Vietnam May Let You Sell 50% of Your Solar Back to the Grid
Solar In 2026

Vietnam May Let You Sell 50% of Your Solar Back to the Grid

Shashank ·Founder·May 7, 2026·6 min read

Where Vietnam's Rooftop Solar Policy Stands Today

Vietnam had a highly successful feed in tariff programme for rooftop solar that ran until the end of 2020. During that period, the government paid a fixed rate per kWh for all electricity generated, including surplus. The programme drove rapid installation growth.

Since FIT ended, the policy has shifted to a self consumption model. Under the current rules (formalised in Decree 135/2024/ND-CP and implemented through Decree 58), rooftop solar owners can consume what they generate but the amount they can sell back to EVN is capped. The cap was set at 20% of total system output.

This 20% cap was designed to prevent the grid from receiving too much unplanned rooftop solar generation while encouraging self consumption. In practice, it has been a constraint on the financial return for clients who generate more than they consume, which is common for smaller commercial and residential installations during weekend or holiday periods.

What the Draft Proposes

The January 2026 draft amendment from MOIT proposes raising the surplus sale cap from 20% to 50% of total generation. According to RECS International's Vietnam country profile and confirmed in Vietnamese solar media, the draft was circulated for stakeholder consultation in early 2026. The amendment has not been formally enacted as of the date of this blog.

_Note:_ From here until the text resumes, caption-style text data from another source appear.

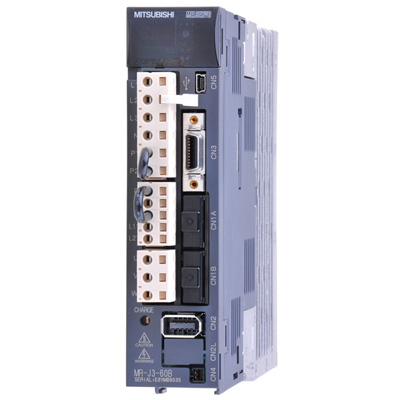 MR-J3-60B 三菱伺服放大器 J3-60B三菱伺服驅(qū)動器價格 SSCNET Ⅲ兼容型 0.5kW用 三相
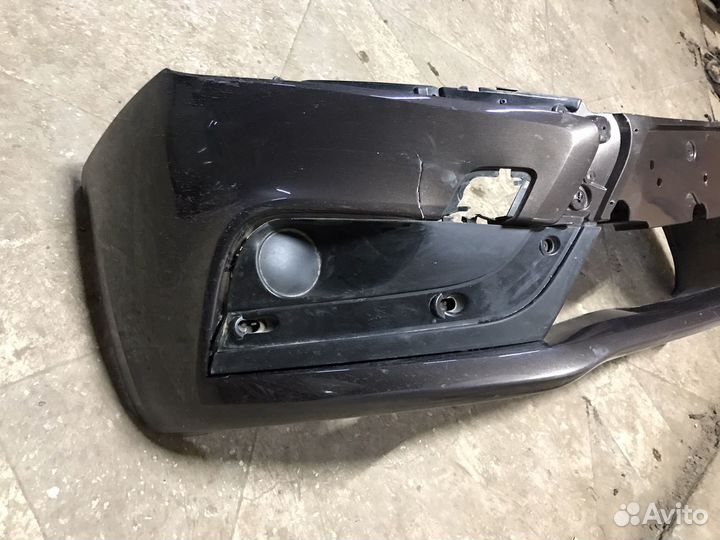 Бампер передний на Vesta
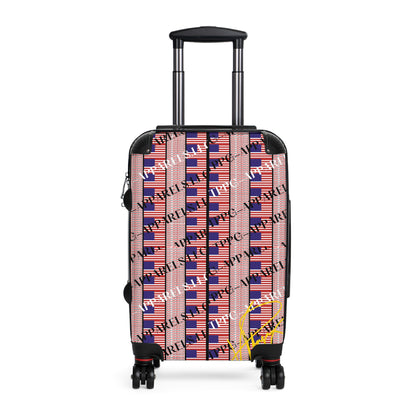 'TPPG USA' Suitcase (360° Swivel Degree)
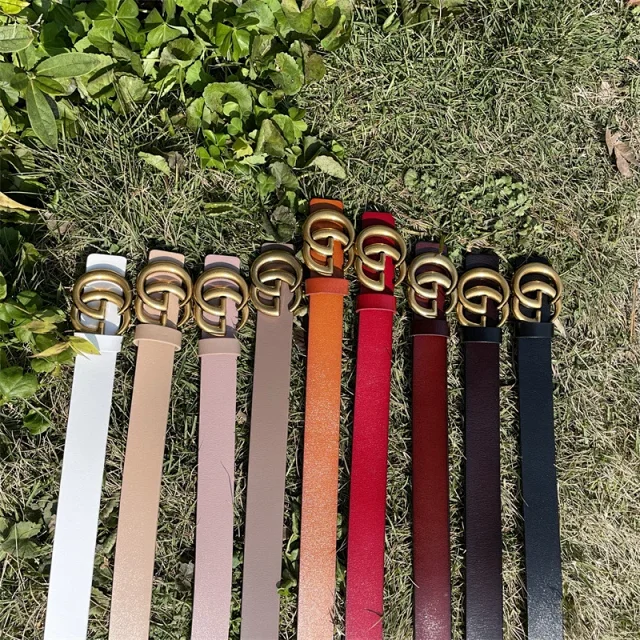 Gucci Belts Double G Buckle Leather Belt product detail image 10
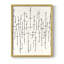 «Vertical Arrangement II», reproduction encadrée - bois massif-62514057-62514056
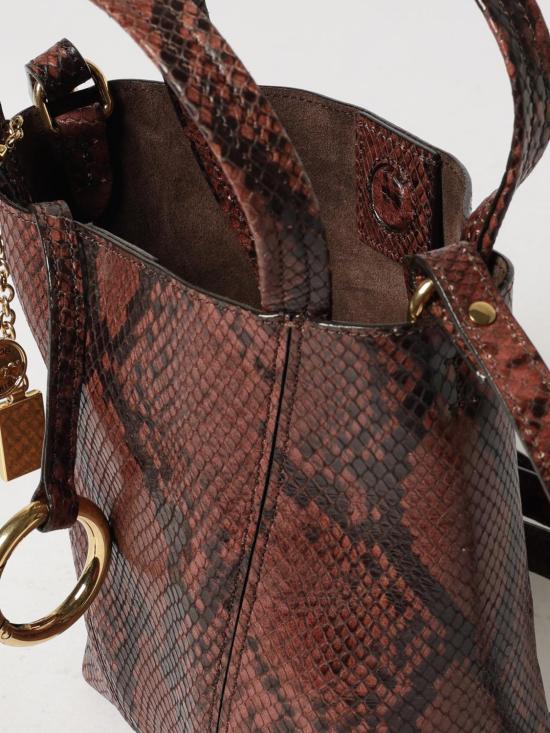 26FW 끌로에 토트백 CH26AS812S76 623 Burgundy - CHLOE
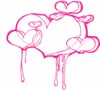 Pink Hearts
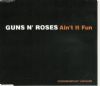 Guns N' Roses Ain't It Fun album cover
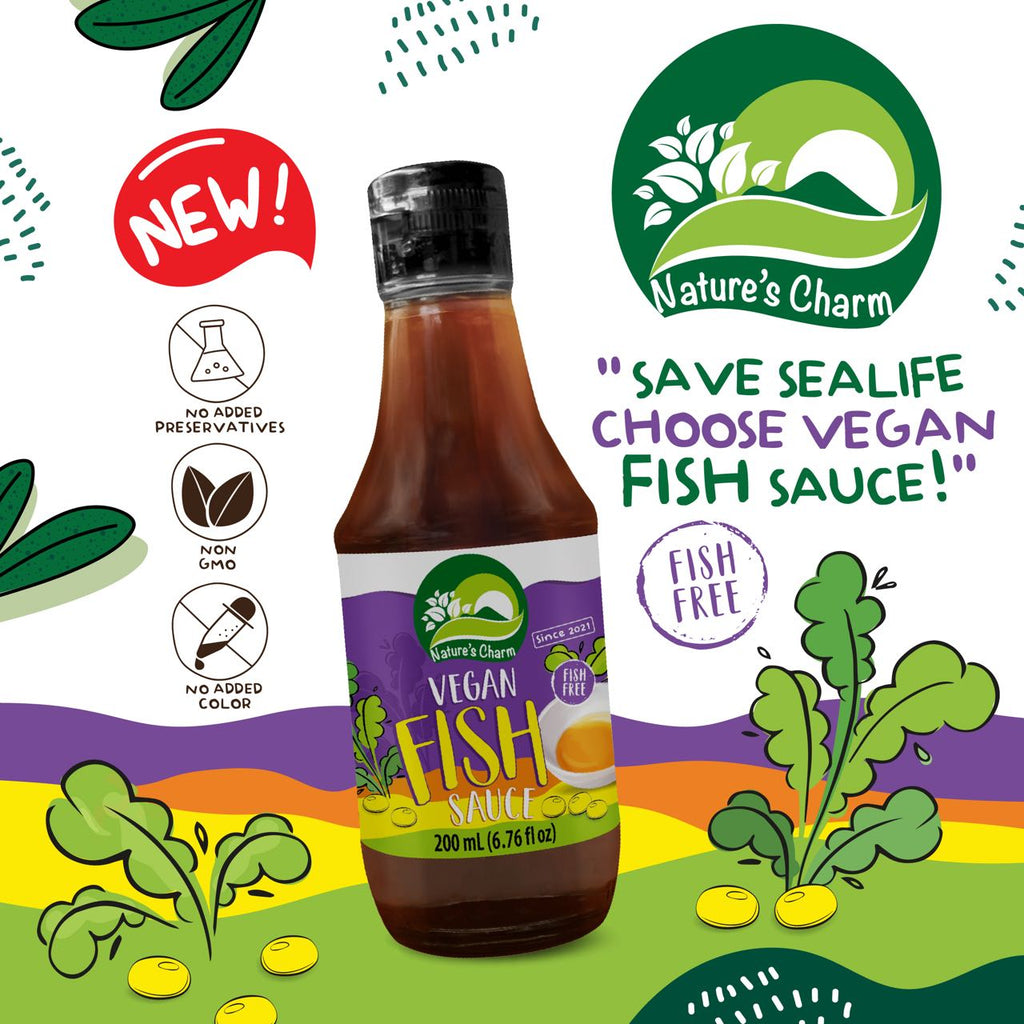 Nature's Charm Vegan Fish Sauce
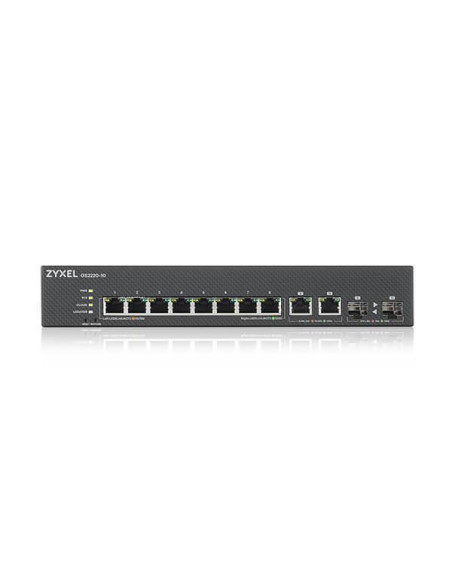 Switch-uri ZYXEL GS2220-10HP 10-PORT GBE SWITCH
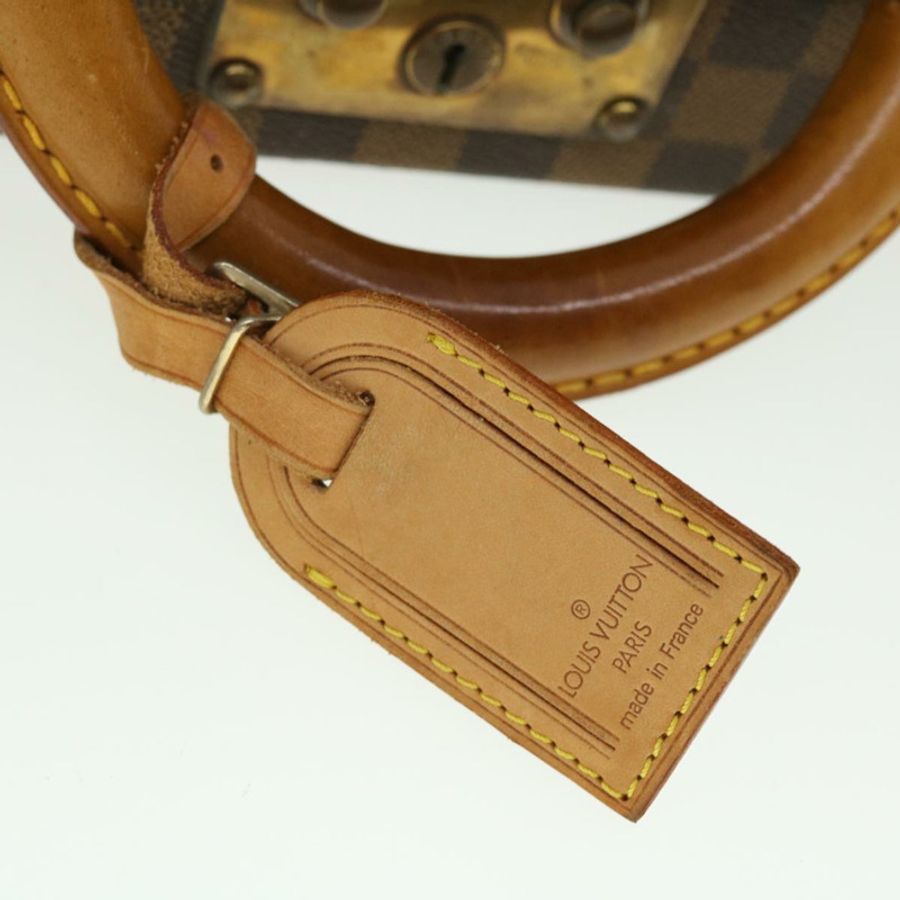 【日本直送】路易威登 Damier Ebene 總統行李箱 SPO LV 正品 39928SV-6
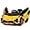 Yellow, variant on OLAKIDS 12V Licensed Lamborghini Sian Kids Ride On Car with Parent Remote Control, Spring Suspension, MP3 Player, Electric Toy Roadster Carbon Fiber Textured for Toddler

If the 50% cap is adopted, the financial impact on rooftop solar projects is meaningful. For a 10 kW system in Ho Chi Minh City generating approximately 13,000 to 14,000 kWh per year, the current 20% cap means at most 2,600 to 2,800 kWh can be sold to EVN per year. Under the proposed 50% cap, up to 6,500 to 7,000 kWh could be sold — more than double. At EVN's current avoided cost rate, this additional sold energy represents an additional VND 3 to 5 million per year in income for a residential system, and proportionally more for commercial installations.

3d Design

Why EPCs Should Pay Attention Even Though It Is a Draft

Vietnam's regulatory environment for rooftop solar has shifted frequently and sometimes quickly. The FIT programme extended several times before ending. Decree 135 and Decree 58 moved from draft to effective within months. The 50% cap proposal is receiving broad support from the solar industry and is consistent with the government's stated priority of expanding rooftop solar adoption under the Prime Minister's directive targeting 10% of households and government buildings with solar by 2026.

For EPCs, the draft creates two immediate opportunities. First, any client who is currently hesitant about rooftop solar because of the 20% sale cap can be engaged with the pending change as a reason to move forward now — so they are installed and benefiting when the new policy takes effect. Second, the draft gives EPCs a talking point that signals they are current and policy aware, which builds confidence in clients who are comparing multiple installers.

The right framing is transparent: "There is a proposed change that may allow you to sell more surplus to EVN. It is not yet official, but it is expected to be adopted. If you install now, you will be positioned to benefit automatically when the rule takes effect."

Action this week: Monitor the MOIT website and Vietnamese solar industry publications for any update on the formal enactment of the 50% cap amendment. When it is officially adopted, send a message to every client you have installed for in the past 3 years explaining what the change means for their system's income. Existing clients who benefit from the change are your best source of referrals to new clients.
50% Rule

Frequently Asked Questions

Q1. When will the 50% cap amendment be officially enacted?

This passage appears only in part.